As prerequisites, you need to be able to run Python and have a PostgresQL database ready with a table to receive the BBR data.

# 1) Obtaining the data

1. Go to https://datafordeler.dk/ <br>
Click on "log in" and create a new web user. You should get a user name and password to access datafordeler. <br>
<br>
2. With your username and password, log in to the datafordeler self-service to retrieve data: <br> https://selfservice.datafordeler.dk/ <br>
<br>
3. It's not intuitive, but your account is linked to several "users", each with different permissions. Check the Users tab (Brugere) - if you only have the user "Webbruger", you need to create a new one. Click on the + tab and create a service user with the "user name and access code" method.<br>
<br>
4. You are now ready to request public data on datafordeler. Go to the Downloads tab (Filudtræk). You should see an empty field - that's because you haven't requested data yet. To get access to data, you need to create a download. You have three choices:<br> - Clicking Opret will allow you to create a permanent download button, that is kept up to date and that you can use multiple times.<br> - Clicking Download will allow you to request a one-time download of the dataset.<br> - Clicking Predefined will allow you to download a dataset with a fixed set of parameters (instead of customizing everything). In particular, you can use Predefined to download the BBR dataset with only up-to-date entries, in JSON or XML format. <br>
<br>
5. You should now see a list of all available downloads. Give your download a name (Visningsnavn) and select BBR Totaludtræk in the list (or BBR Aktuelt Totaludtræk if using Predefined). Click Next. If you chose Opret or Download, you can now adjust a lot of parameters, such as downloading entries for only a specific municipality. If you used Predefined, the parameters are locked.<br><br>

6. Click Save (Gem). You will be taken back to the Download tabs. If you used Opret or Predefined, you should see your data subscription there. You can modify or delete it if you don't think that you will need to download it again in the future. You will receive an email with information on how to get your data.<br>
<br>
7. Actually getting the data is a bit tricky: you cannot download it from Datafordeler directly. You need to use a FTP client like https://filezilla-project.org/ <br>
Download and install FileZilla. When you launch it, enter the address provided in the email you got from Datafordeler, as well as your Datafordeler service user number (*not* your initial username: this is the user number you created in step 3) and password. Click Connect, and you should finally be able to see and download your files! 



### Note on file format

Because BBR is a very large dataset (if you download the whole thing), your computer will run out of memory when trying to parse it in one chunk. For this reason, we want to parse the file iteratively. Doing this with an XML file is relatively straightforward on Python, but takes a lot of time. Working with a JSON file requires installing a specific package, *ijson*, to allow for iterative parsing - but it will be faster. In this notebook, we will work with the JSON format.
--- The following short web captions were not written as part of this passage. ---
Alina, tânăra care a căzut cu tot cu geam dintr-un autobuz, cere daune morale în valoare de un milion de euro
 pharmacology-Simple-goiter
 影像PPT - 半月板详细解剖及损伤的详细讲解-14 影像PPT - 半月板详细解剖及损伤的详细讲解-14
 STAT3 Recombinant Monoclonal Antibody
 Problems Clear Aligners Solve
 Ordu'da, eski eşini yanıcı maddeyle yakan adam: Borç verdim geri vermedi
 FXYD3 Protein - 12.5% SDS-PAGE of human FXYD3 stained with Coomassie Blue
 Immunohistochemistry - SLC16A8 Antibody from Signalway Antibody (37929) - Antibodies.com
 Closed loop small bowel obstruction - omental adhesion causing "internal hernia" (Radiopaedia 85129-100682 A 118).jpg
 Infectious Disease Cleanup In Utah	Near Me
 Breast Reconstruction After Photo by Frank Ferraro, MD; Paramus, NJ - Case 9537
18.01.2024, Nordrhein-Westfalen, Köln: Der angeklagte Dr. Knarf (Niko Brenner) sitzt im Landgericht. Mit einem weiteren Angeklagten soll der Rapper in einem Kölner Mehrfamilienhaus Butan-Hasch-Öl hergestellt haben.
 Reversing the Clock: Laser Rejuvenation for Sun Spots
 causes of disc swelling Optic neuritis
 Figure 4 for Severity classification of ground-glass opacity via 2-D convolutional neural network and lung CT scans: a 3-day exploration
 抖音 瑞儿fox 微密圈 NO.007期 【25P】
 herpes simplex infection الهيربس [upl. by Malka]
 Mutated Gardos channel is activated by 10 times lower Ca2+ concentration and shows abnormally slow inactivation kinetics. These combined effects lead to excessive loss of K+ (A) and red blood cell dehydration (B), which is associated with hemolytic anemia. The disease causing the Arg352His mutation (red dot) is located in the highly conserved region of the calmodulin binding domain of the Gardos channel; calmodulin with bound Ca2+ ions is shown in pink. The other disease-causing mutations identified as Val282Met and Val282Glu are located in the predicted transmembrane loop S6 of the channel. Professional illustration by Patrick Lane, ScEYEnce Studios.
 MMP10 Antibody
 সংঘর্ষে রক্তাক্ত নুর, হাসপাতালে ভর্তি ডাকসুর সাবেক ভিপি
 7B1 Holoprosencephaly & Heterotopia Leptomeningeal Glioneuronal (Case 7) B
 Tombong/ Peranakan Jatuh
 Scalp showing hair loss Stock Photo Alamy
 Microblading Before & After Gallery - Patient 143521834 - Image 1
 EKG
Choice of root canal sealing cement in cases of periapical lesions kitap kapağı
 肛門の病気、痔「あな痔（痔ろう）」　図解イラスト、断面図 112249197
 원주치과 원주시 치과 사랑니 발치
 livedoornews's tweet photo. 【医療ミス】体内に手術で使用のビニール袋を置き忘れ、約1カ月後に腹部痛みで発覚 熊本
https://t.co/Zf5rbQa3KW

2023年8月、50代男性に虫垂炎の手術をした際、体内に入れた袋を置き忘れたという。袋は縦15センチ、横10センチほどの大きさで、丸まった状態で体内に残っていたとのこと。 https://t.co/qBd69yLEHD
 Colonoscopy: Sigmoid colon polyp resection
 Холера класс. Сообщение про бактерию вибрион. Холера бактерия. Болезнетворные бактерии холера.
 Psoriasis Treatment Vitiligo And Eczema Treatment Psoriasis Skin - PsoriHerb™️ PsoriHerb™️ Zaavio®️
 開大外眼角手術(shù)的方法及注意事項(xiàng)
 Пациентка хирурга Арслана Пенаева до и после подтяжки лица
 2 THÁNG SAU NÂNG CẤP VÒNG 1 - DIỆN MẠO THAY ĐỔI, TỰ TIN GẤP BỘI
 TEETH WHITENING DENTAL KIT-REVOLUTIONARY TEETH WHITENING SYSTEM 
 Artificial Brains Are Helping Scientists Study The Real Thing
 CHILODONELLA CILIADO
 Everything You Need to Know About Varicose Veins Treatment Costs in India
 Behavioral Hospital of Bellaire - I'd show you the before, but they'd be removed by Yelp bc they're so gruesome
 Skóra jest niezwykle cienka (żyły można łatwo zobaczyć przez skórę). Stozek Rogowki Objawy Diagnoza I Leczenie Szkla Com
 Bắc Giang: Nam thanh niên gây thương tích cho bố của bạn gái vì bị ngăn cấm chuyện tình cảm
# 2) Inserting values in the PostgresQL database

Before retrieving values from the database, we need to define a function that will process these values and insert them into the database. Here the idea is to write a function that inserts one row into the database. It takes as input a Python dictionary where values of various parameters for the building are recorded. You need to adjust the SQL code to fit the names of your table and columns.

### Setup

In [None]:
import psycopg as pg # Package to communicate between Python and PostgresQL

In [None]:
dbparams='dbname=macrocomponents user=postgres password=mypassword' # Write the parameters to connect to your PostgresQL database here.

In [None]:
# Write here the parameters you want to retrieve from the BBR data file. These need to be the same names as in BBR, in Danish. See the end of this notebook for a full list of parameters.
parameters=['id_lokalId','kommunekode', 'byg007Bygningsnummer', 'jordstykke', 'grund', 'husnummer', 'byg404Koordinat', 'byg026Opførelsesår', 'byg027OmTilbygningsår', 'byg021BygningensAnvendelse', 'byg041BebyggetAreal', 'byg038SamletBygningsareal', 'byg039BygningensSamledeBoligAreal', 'byg040BygningensSamledeErhvervsAreal', 'byg042ArealIndbyggetGarage', 'byg043ArealIndbyggetCarport', 'byg044ArealIndbyggetUdhus', 'byg045ArealIndbyggetUdestueEllerLign', 'byg046SamletArealAfLukkedeOverdækningerPåBygningen', 'byg047ArealAfAffaldsrumITerrænniveau', 'byg048AndetAreal',  'byg049ArealAfOverdækketAreal', 'byg032YdervæggensMateriale', 'byg050ArealÅbneOverdækningerPåBygningenSamlet', 'byg051Adgangsareal',  'byg054AntalEtager', 'byg055AfvigendeEtager', 'byg033Tagdækningsmateriale', 'byg034SupplerendeYdervæggensMateriale', 'byg035SupplerendeTagdækningsMateriale', 'byg036AsbestholdigtMateriale', 'byg056Varmeinstallation', 'byg057Opvarmningsmiddel', 'byg058SupplerendeVarme', 'byg071BevaringsværdighedReference', 'byg130ArealAfUdvendigEfterisolering', 'byg150Gulvbelægning', 'byg151Frihøjde']

### Insertion function

In [None]:
def insert_bbr_from_dict(row_dict):
    # We first convert the dictionary into a tuple, since the PostgresQL insertion function takes a tuple as input
    # The dictionary keys are the names of parameters from BBR, in Danish
    l=list()
    ks=row_dict.keys()
    for k in ks:
        l.append(row_dict[k])
    row_tuple=tuple(l)
    
    # Building the SQL query to insert values in the database.     
    sql ="INSERT INTO buildings("
    for k in ks:
        sql+=k+', '
    sql=sql[0:len(sql)-2]+') VALUES('
    for n in range(len(ks)):
        sql+='%s, '
    sql=sql[0:len(sql)-2]+') ON CONFLICT ON CONSTRAINT buildings_pkey DO UPDATE SET ('
    for k in ks:
        sql+=k+', '
    sql=sql[0:len(sql)-2]+') = ('
    for k in ks:
        sql+='EXCLUDED.'+k+', '
    sql=sql[0:len(sql)-2]+');'
    
    connector = None
    bbrid = None
    
    try:
        # connect to the PostgreSQL database
        connector = pg.connect(dbparams)
        # create a new cursor
        cur = connector.cursor()
        # execute the INSERT statement
        cur.execute(sql, row_tuple)
        # commit the changes to the database
        connector.commit()
        # close communication with the database
        cur.close()
        
    except (Exception, pg.DatabaseError) as error:
        print(row_tuple)
        print(error)
        
    finally:
        if connector is not None:
            connector.close()

Note: it is possible to write a slightly simpler function that inserts all rows at once, using the *executemany* method instead of *execute*. However, that requires building a dictionary with all rows first - and we want to avoid this due to the size of the dataset.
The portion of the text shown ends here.